* **About this exercise**: Write out again, word for word, the lines below from the line that holds "Thumbnail for Gold-Plated" through the line that holds "レディースかわいいセーラー襟猫 T シャツ", omitting pictures.

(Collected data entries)
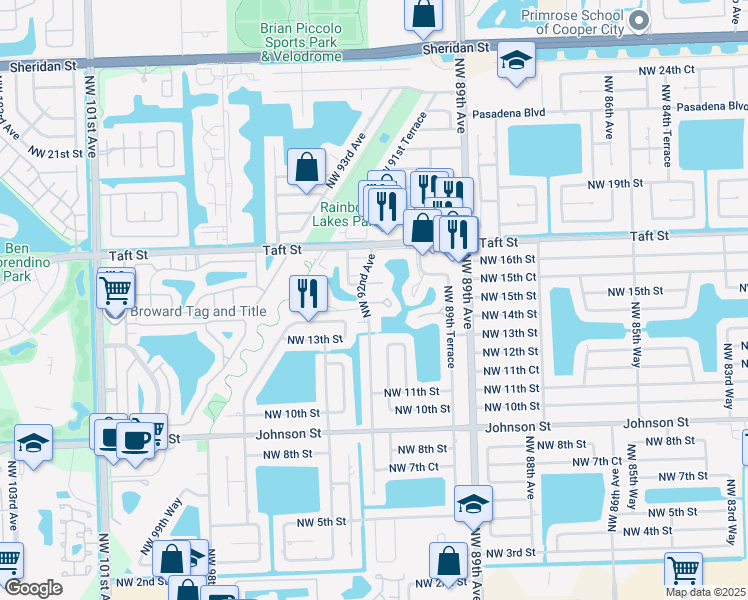 map of restaurants, bars, coffee shops, grocery stores, and more near 551 Lime Tree Lane in Pembroke Pines
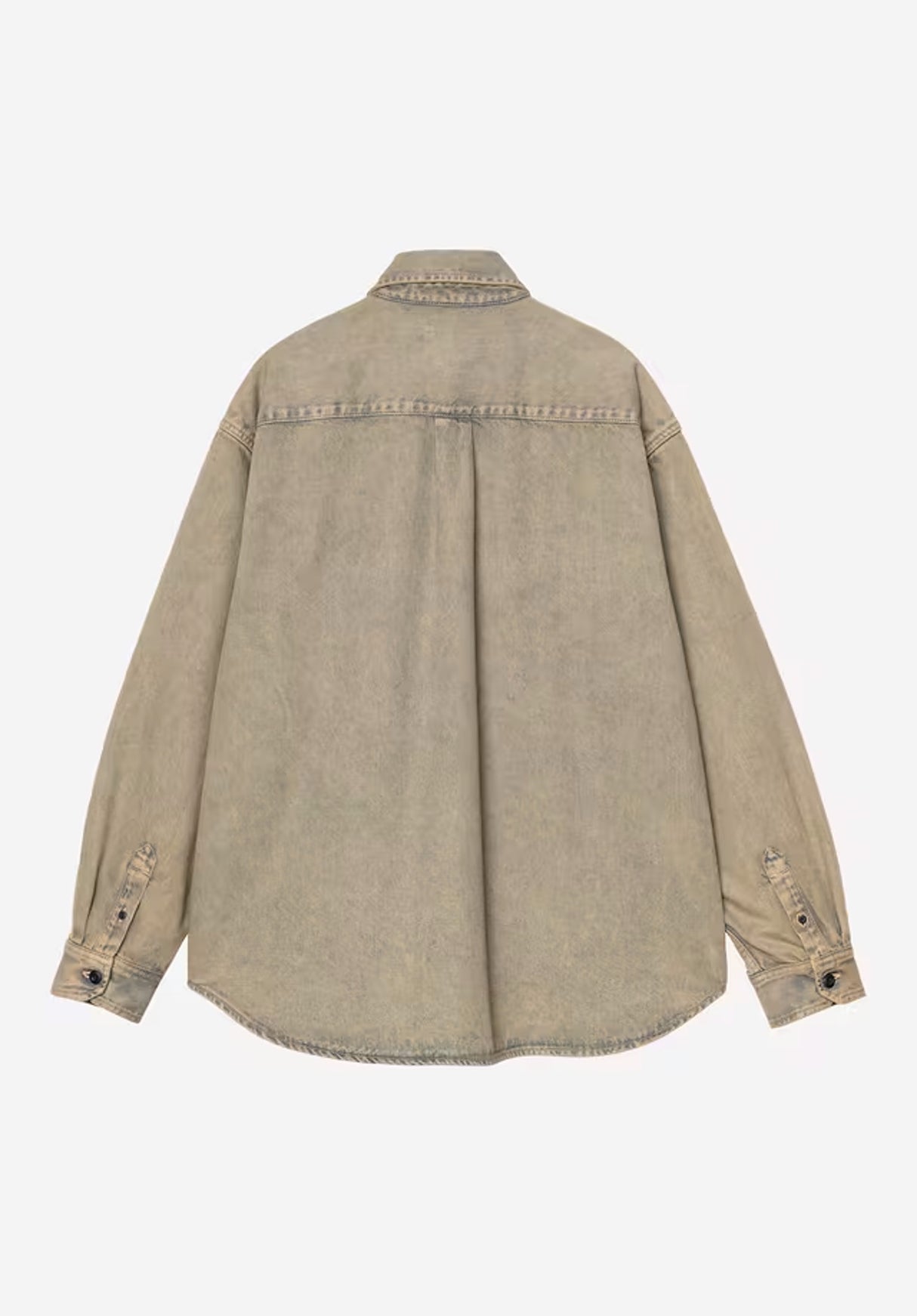 Tigan Shirt Jac blue-leathergarmentdyed Rueckenansicht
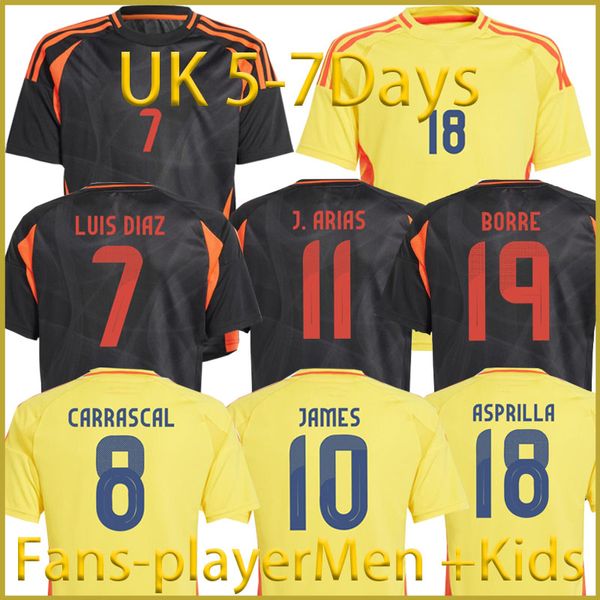 24 NEW COLOMBIA JAMES 2025 LA MAISON DE FOOTBALLAGE DE LA MAISON DES CAMISETAS COLUMBLA 2024 Copa America D.Valoyes Arango C. Chucho Cuadrado Soccer Jerseys Kid Kit Kit Kit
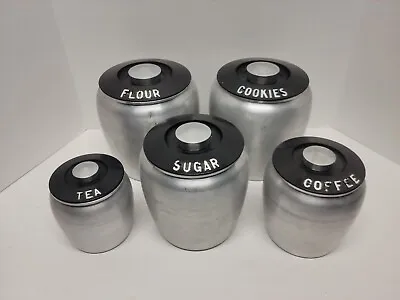$19.95 • Buy Kromex Spun Aluminum 5 Piece Canister Set Flour Cookies Sugar Coffee Tea 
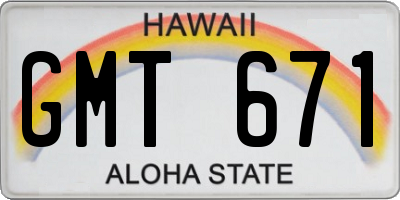 HI license plate GMT671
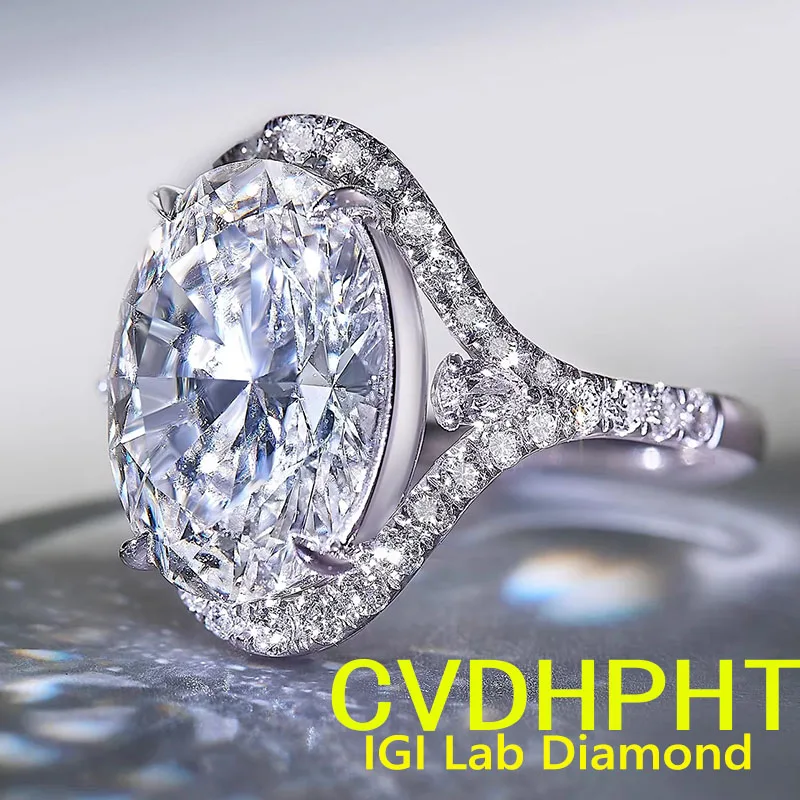

Platinum PT950 White Gold IGI Lab Growing Diamond Ring Oval D Color Ring Diamond wedding & Engagement Ring ﻿
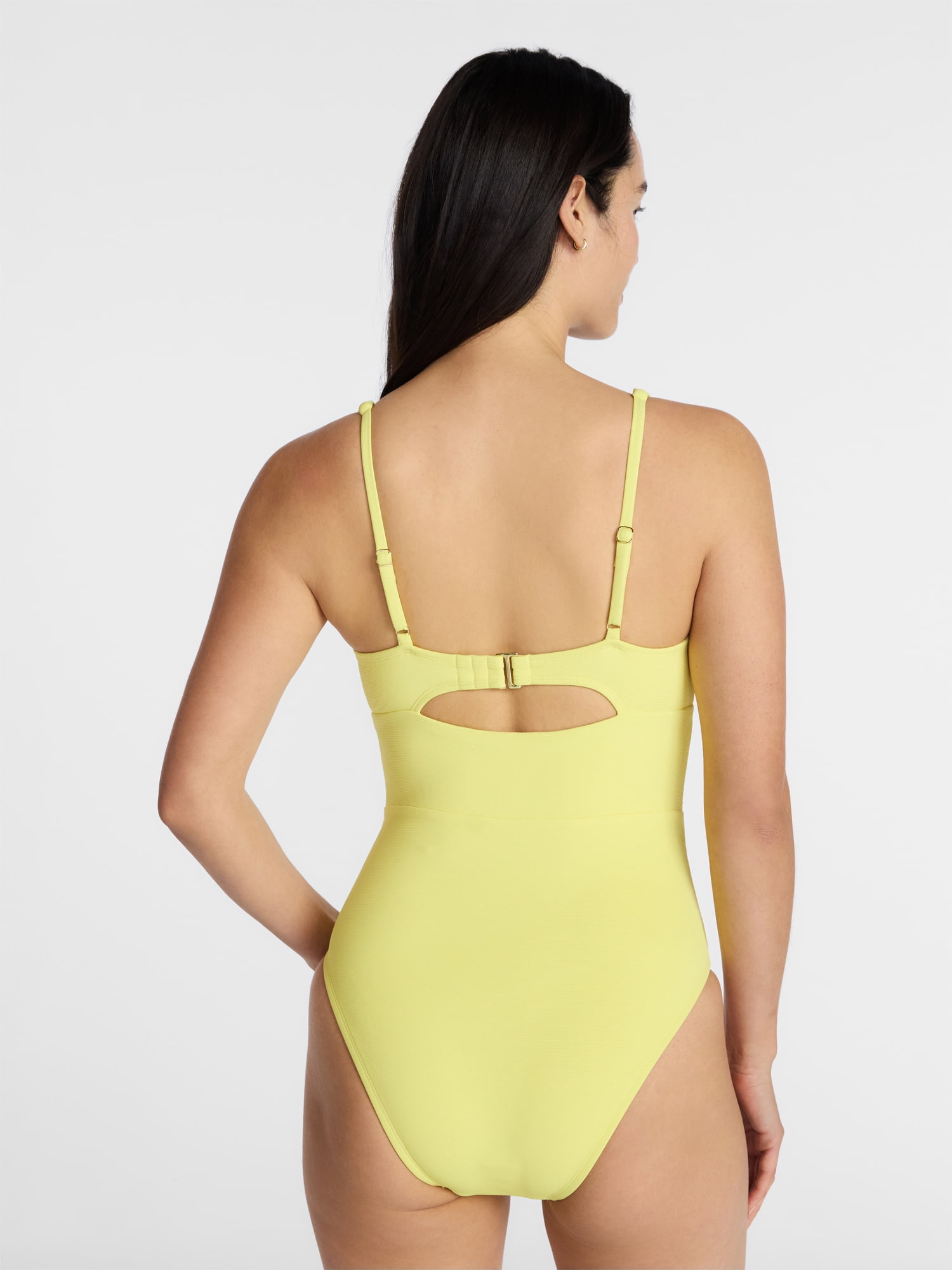 Time and Tru Women's Ribbed Plunge One Piece Swimsuit, Sizes XS-3X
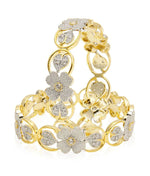Thumbnail for Gold-Plated Alloy Flower Design American Diamond Bangle Set - The Pari - Distacart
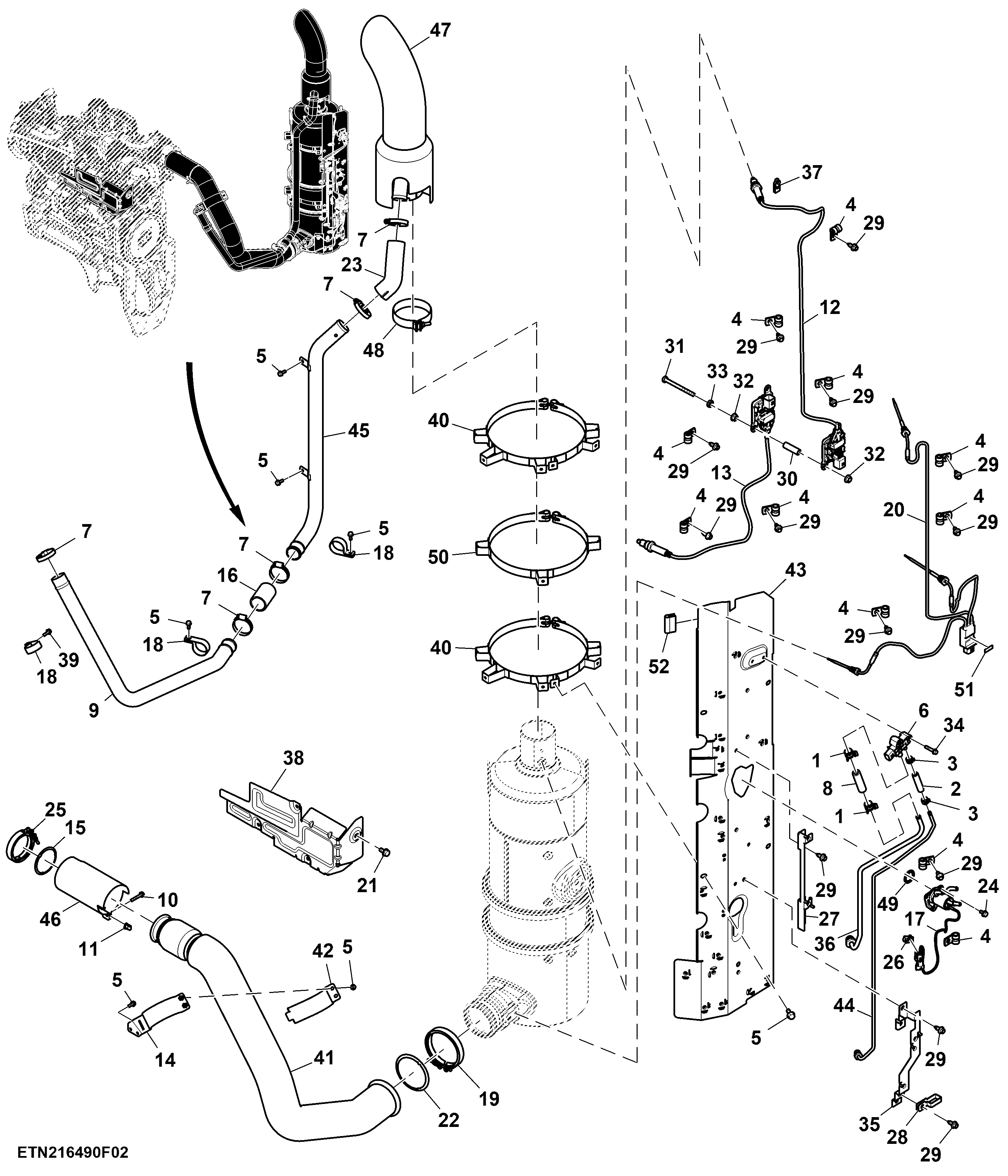 Exhaust Pipe, Exhaust System, FT4/ Stage 5 Engine ( - 200000)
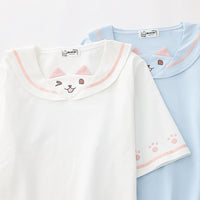 レディースかわいいセーラー襟猫 T シャツ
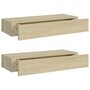 Voir la diapositive 2 : VIDAXL Etageres a tiroirs murales 2 pcs chene 60x23,5x10 cm MDF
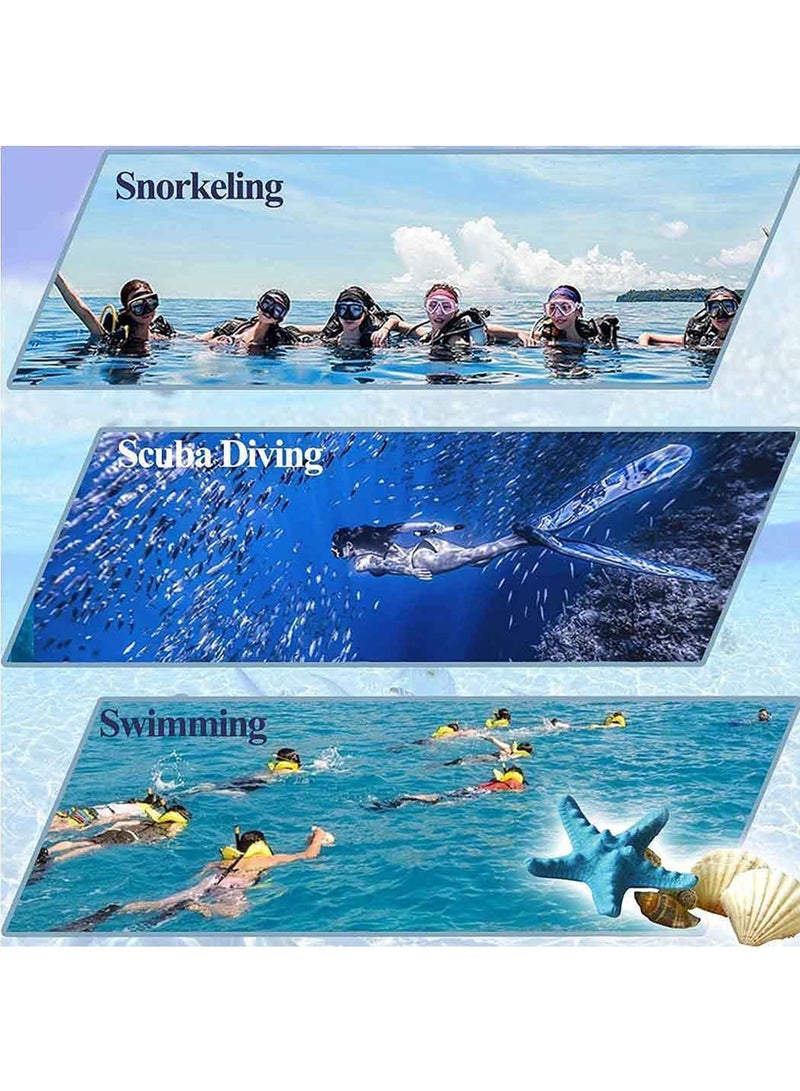 Diving Mask Snorkeling Mask with Latest Dry Top Breathing System,Fold 180°Panoramic Diving Snorkeling Goggles Tempered Glass Anti-Fog Anti-Leak Snorkeling Gear for Adults and Youth.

* **Result below**:
Thumbnail for Gold-Plated Alloy Flower Design American Diamond Bangle Set - The Pari - Distacart
 Exhaust Pipe, Exhaust System, FT4/ Stage 5 Engine ( - 200000)
 レディースかわいいセーラー襟猫 T シャツ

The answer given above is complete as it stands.